Work order
Repeat the entries exactly as they are written.

[Data records — start]

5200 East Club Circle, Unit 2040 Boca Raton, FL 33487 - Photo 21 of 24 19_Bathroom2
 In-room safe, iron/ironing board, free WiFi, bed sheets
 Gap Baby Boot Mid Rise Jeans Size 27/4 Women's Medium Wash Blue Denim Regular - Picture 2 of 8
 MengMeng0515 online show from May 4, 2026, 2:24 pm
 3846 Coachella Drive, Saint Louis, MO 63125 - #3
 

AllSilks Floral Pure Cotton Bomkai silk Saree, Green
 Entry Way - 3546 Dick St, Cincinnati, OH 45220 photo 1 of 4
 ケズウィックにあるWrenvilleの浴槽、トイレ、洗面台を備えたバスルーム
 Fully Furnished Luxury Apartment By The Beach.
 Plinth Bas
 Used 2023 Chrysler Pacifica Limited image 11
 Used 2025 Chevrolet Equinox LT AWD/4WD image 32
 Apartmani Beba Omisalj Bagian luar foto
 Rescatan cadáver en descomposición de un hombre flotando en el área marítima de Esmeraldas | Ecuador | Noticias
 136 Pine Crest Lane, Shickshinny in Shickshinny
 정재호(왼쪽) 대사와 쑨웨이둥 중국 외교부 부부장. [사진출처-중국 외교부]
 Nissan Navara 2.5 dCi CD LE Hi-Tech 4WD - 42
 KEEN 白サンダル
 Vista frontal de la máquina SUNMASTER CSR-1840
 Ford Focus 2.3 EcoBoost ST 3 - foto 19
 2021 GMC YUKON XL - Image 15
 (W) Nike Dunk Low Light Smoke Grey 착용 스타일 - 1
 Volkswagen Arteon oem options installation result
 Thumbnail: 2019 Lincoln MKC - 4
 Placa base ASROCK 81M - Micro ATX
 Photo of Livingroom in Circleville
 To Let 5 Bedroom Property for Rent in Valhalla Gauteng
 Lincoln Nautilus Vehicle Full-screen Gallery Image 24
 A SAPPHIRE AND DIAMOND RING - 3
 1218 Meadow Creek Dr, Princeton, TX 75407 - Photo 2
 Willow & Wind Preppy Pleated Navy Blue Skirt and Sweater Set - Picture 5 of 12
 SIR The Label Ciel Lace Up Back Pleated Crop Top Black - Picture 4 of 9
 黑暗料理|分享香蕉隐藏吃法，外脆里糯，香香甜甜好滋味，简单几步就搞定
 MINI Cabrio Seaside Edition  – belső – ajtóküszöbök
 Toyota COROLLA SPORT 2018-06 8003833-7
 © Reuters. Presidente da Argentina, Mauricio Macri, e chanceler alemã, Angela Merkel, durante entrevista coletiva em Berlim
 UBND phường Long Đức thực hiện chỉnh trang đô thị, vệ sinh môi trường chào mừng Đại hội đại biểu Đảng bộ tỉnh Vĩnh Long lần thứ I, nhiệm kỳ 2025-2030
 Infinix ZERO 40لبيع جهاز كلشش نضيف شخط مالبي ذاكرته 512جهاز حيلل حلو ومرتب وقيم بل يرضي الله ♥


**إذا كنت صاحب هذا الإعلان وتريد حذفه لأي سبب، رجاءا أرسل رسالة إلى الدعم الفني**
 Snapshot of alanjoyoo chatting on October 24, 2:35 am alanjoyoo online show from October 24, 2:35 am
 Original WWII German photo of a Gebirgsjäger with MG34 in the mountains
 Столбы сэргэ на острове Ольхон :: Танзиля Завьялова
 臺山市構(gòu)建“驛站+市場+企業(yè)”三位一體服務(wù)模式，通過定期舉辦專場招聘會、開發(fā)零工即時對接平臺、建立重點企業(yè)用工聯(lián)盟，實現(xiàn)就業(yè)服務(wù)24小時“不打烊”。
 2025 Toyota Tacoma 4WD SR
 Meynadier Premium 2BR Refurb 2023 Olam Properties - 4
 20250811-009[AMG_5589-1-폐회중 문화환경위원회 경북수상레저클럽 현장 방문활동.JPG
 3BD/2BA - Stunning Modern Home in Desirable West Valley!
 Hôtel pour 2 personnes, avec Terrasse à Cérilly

[Data records — finish]

Written answer
5200 East Club Circle, Unit 2040 Boca Raton, FL 33487 - Photo 21 of 24 19_Bathroom2
 In-room safe, iron/ironing board, free WiFi, bed sheets
 Gap Baby Boot Mid Rise Jeans Size 27/4 Women's Medium Wash Blue Denim Regular - Picture 2 of 8
 MengMeng0515 online show from May 4, 2026, 2:24 pm
 3846 Coachella Drive, Saint Louis, MO 63125 - #3
 

AllSilks Floral Pure Cotton Bomkai silk Saree, Green
 Entry Way - 3546 Dick St, Cincinnati, OH 45220 photo 1 of 4
 ケズウィックにあるWrenvilleの浴槽、トイレ、洗面台を備えたバスルーム
 Fully Furnished Luxury Apartment By The Beach.
 Plinth Bas
 Used 2023 Chrysler Pacifica Limited image 11
 Used 2025 Chevrolet Equinox LT AWD/4WD image 32
 Apartmani Beba Omisalj Bagian luar foto
 Rescatan cadáver en descomposición de un hombre flotando en el área marítima de Esmeraldas | Ecuador | Noticias
 136 Pine Crest Lane, Shickshinny in Shickshinny
 정재호(왼쪽) 대사와 쑨웨이둥 중국 외교부 부부장. [사진출처-중국 외교부]
 Nissan Navara 2.5 dCi CD LE Hi-Tech 4WD - 42
 KEEN 白サンダル
 Vista frontal de la máquina SUNMASTER CSR-1840
 Ford Focus 2.3 EcoBoost ST 3 - foto 19
 2021 GMC YUKON XL - Image 15
 (W) Nike Dunk Low Light Smoke Grey 착용 스타일 - 1
 Volkswagen Arteon oem options installation result
 Thumbnail: 2019 Lincoln MKC - 4
 Placa base ASROCK 81M - Micro ATX
 Photo of Livingroom in Circleville
 To Let 5 Bedroom Property for Rent in Valhalla Gauteng
 Lincoln Nautilus Vehicle Full-screen Gallery Image 24
 A SAPPHIRE AND DIAMOND RING - 3
 1218 Meadow Creek Dr, Princeton, TX 75407 - Photo 2
 Willow & Wind Preppy Pleated Navy Blue Skirt and Sweater Set - Picture 5 of 12
 SIR The Label Ciel Lace Up Back Pleated Crop Top Black - Picture 4 of 9
 黑暗料理|分享香蕉隐藏吃法，外脆里糯，香香甜甜好滋味，简单几步就搞定
 MINI Cabrio Seaside Edition  – belső – ajtóküszöbök
 Toyota COROLLA SPORT 2018-06 8003833-7
 © Reuters. Presidente da Argentina, Mauricio Macri, e chanceler alemã, Angela Merkel, durante entrevista coletiva em Berlim
 UBND phường Long Đức thực hiện chỉnh trang đô thị, vệ sinh môi trường chào mừng Đại hội đại biểu Đảng bộ tỉnh Vĩnh Long lần thứ I, nhiệm kỳ 2025-2030
 Infinix ZERO 40لبيع جهاز كلشش نضيف شخط مالبي ذاكرته 512جهاز حيلل حلو ومرتب وقيم بل يرضي الله ♥


**إذا كنت صاحب هذا الإعلان وتريد حذفه لأي سبب، رجاءا أرسل رسالة إلى الدعم الفني**
 Snapshot of alanjoyoo chatting on October 24, 2:35 am alanjoyoo online show from October 24, 2:35 am
 Original WWII German photo of a Gebirgsjäger with MG34 in the mountains
 Столбы сэргэ на острове Ольхон :: Танзиля Завьялова
 臺山市構(gòu)建“驛站+市場+企業(yè)”三位一體服務(wù)模式，通過定期舉辦專場招聘會、開發(fā)零工即時對接平臺、建立重點企業(yè)用工聯(lián)盟，實現(xiàn)就業(yè)服務(wù)24小時“不打烊”。
 2025 Toyota Tacoma 4WD SR
 Meynadier Premium 2BR Refurb 2023 Olam Properties - 4
 20250811-009[AMG_5589-1-폐회중 문화환경위원회 경북수상레저클럽 현장 방문활동.JPG
 3BD/2BA - Stunning Modern Home in Desirable West Valley!
 Hôtel pour 2 personnes, avec Terrasse à Cérilly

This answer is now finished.